Adapun kuncen, lebe, dan punduh / Tua kampung selesai mandi kemudian berwudlu dan mengenakan pakaian upacara mereka tidak menuju ke mesjid, melainkan ke Bumi Ageung.
Di Bumi Ageung ini mereka menyiapkan lamareun dan parukuyan untuk nanti
di bawa ke makam. Setelah siap kemudian mereka keluar. Lebe membawa
lamareun dan punduh membawa parukuyan menuju makam. Para peserta yang
berada di dalam mesjid keluar dan mengikuti kuncen, lebe, dan punduh
satu persatu. Mereka berjalan beriringan sambil masing-masing membawa
sapu lidi. Ketika melewati pintu gerbang makam yang di tandai oleh batu
besar, masing-masing peserta menundukan kepala sebagai penghormatan
kepada makam Eyang Singaparna.
Setibanya di makam selain kuncen tidak ada yang masuk ke dalamnya.

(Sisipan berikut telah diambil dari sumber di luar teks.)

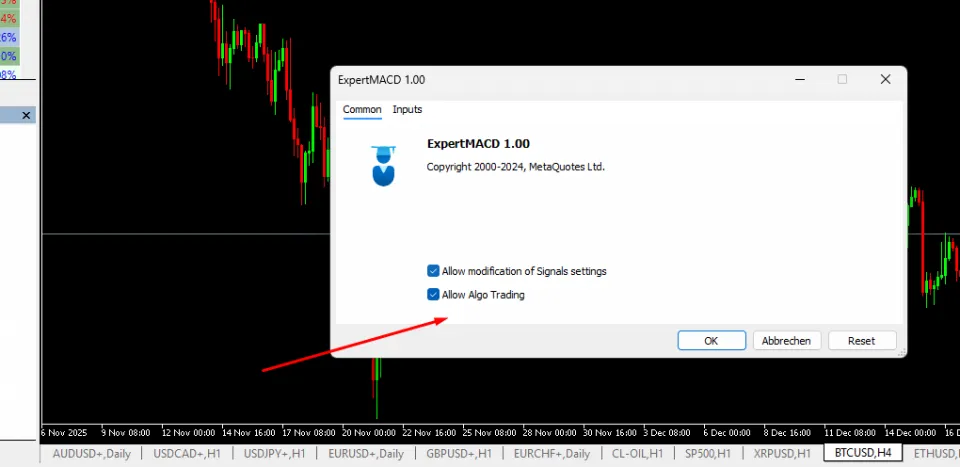 EA Live Trading Activation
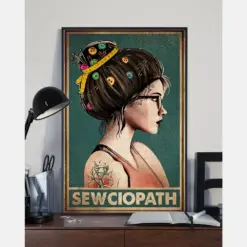 Sewciopath Sewing Tattoo Girl Canvas Prints Vintage Wall Art Gifts Vintage Home Wall Decor Canvas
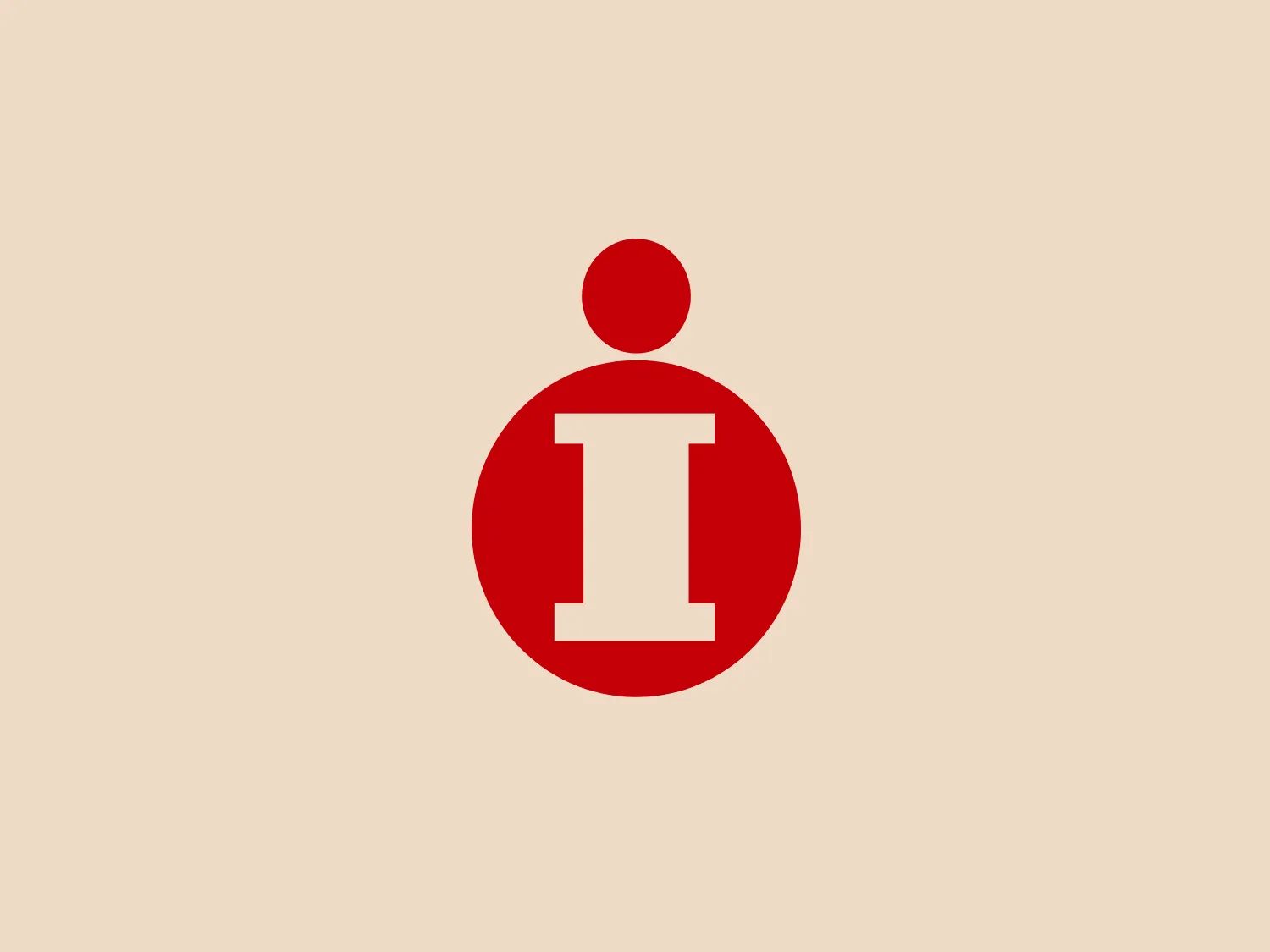 The logo in the image features a bold, uppercase "I" centered within a circle. The letter and its encompassing shape are both a striking red, suggesting a sense of urgency or importance. The design is simplistic, with clean lines and no additional embellishments, giving it a modern and easily recognizable appearance. Given the vibrancy of the red, a subtle background color would complement it well without competing for attention.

Adapun Lebe dan Punduh setelah menyerahkan lamareun dan parakuyan
kepada kuncen kemudian keluar lagi tinggal bersama para peserta upacara
yang lain. Kuncen membakar kemenyan untuk unjuk-unjuk (meminta izin )
kepada Eyang Singaparna. Ia melakukan unjuk-unjuk sambil menghadap
kesebelah barat, kearah makam. Arah barat artinya menunjuk ke arah
kiblat. Setelah kuncen melakukan unjuk-unjuk, kemudian ia
mempersilahkan para peserta memulai membersihkan makam keramat
bersama-sama. Setelah membersihkan makam, kuncen dan para peserta duduk
bersila mengelilingi makam. Masing-masing berdoa dalam hati
untukmemohon keselamatan, kesejahteraan, dan kehendak masing-masing
peserta. Setelah itu kuncen mempersilakan Lebe untuk memimpin pembacaan
ayat-ayat Suci Al-Quran dan diakhri dengan doa bersama.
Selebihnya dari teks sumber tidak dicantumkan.